NLRB properly ordered employer to recognize and bargain with union. Union would have prevailed regardless of inclusion of employees in unit. Union’s home visits, telephone calls and electioneering outside the election location within twenty-four hours of the election were not sufficiently objectionable to invalidate the election. Vague allegations that union representative said employer could check employees’ immigration status were also insufficient. Capay, Inc. v. NLRB, 2017 U.S. App. LEXIS 21968 (9th Cir. Nov. 2, 2017).
District Court improperly dismissed denial of reasonable accommodation claim. Employee’s allegations that she asked the employer if there was anything she could do other than get under her desk and the employer refused to consider alternatives are sufficient to show employee requested a reasonable accommodation for her disability and the employer refused to participate in the interactive process. Gladle v. Shulkin, 2017 U.S. App. LEXIS 21966 (9th Cir. Nov. 2, 2017).
District Court properly granted summary judgment against discrimination claims. Supervisor and former employee not liking one another did not show discrimination. Employer did not treat similarly situated minorities or females more favorably than white male former employee. Employee did not perform according to employer’s legitimate expectations. District Court properly granted summary judgment against retaliation claim. No evidence employee engaged in protected activity before employer demoted him. He offered no basis for concluding employer more likely motivated by retaliatory intent rather than the employer’s legitimate reasons or the employer’s explanation was unworthy of credence. Although employee engaged in protected activity after demotion, employer would have taken the same action. Employee failed to fulfil his duties in the new post. Bullen v. Sessions, 2017 U.S. App. 21826 (9th Cir. Oct. 31, 2017).
District Court properly granted summary judgment on disparate treatment claim. Former employee failed to raise a genuine dispute of material fact whether employer's legitimate, nondiscriminatory reason for terminating him was pretextual. District Court properly granted summary judgment against Washington state hostile work environment claim. Former employee failed to raise a triable dispute whether employer authorized, knew of, or should have known of any harassment. Habib v. Tote Services, Inc., 2017 U.S. App. LEXIS 21592 (9th Cir. Oct 30, 2017).

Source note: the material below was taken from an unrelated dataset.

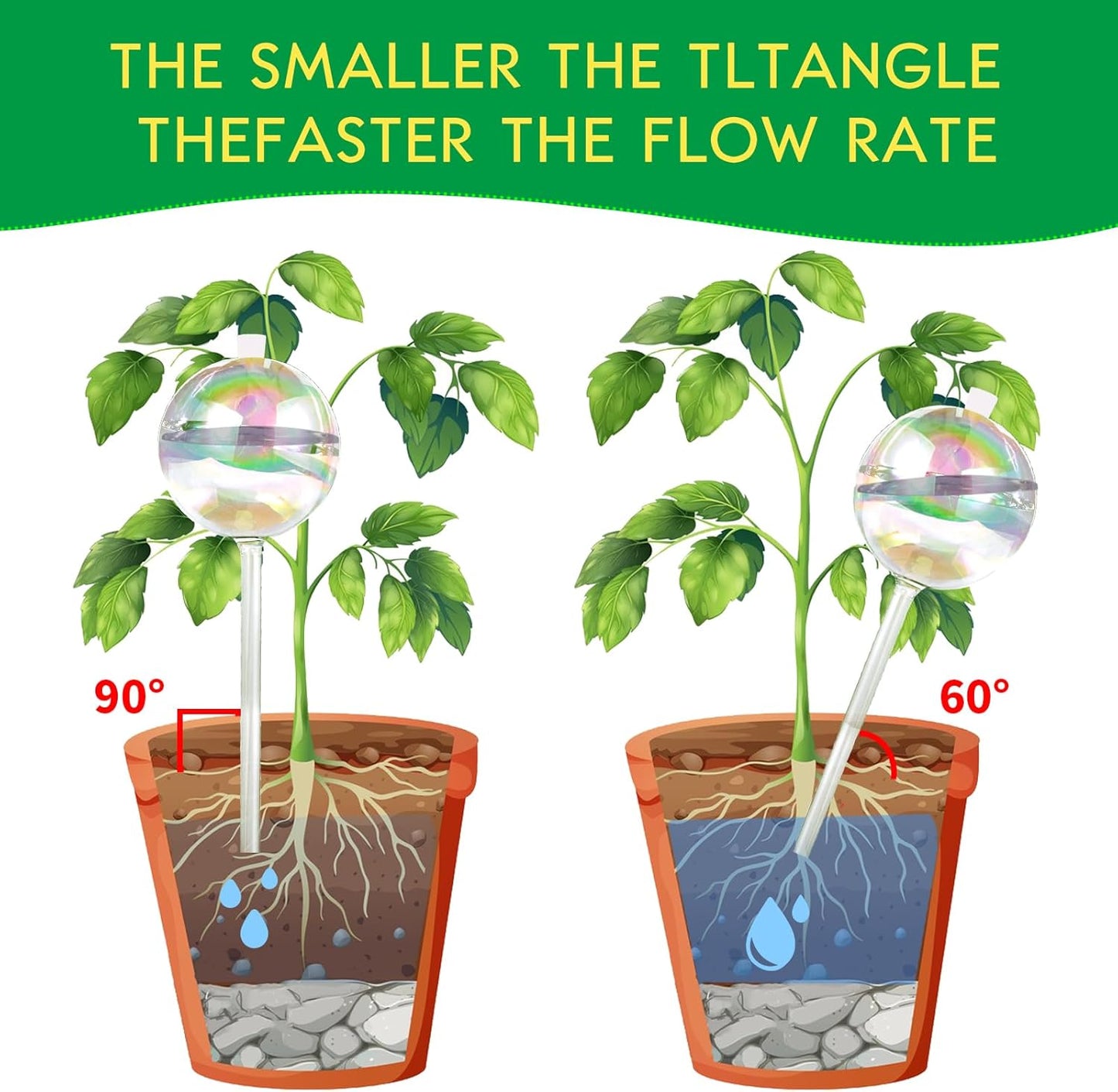 13 oz Up 2 Weeks Large Plant Watering Globes - Self Watering Bulbs for Indoor & Outdoor Plants, Glass Water Globes, Slow Watering for Plants While Away, Self Watering Planter Insert 4 Pack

District Court properly decided question of arbitrability. When union representative executed a memorandum of agreement (“MOA”) with employer, he could properly settle and release "any and all claims" by its members that had occurred prior to the MOA, including local union’s lost-work grievances. The MOA encompassed the local union, despite the fact that it was not a named signatory, and as a contingency agreement, a side letter did not exclude the local union from the terms of the MOA. Int’l Longshore & Warehouse Union, Local 40 v. Columbia Grain, Inc., 2017 U.S. App. LEXIS 21182 (9th Cir. Oct. 25, 2017).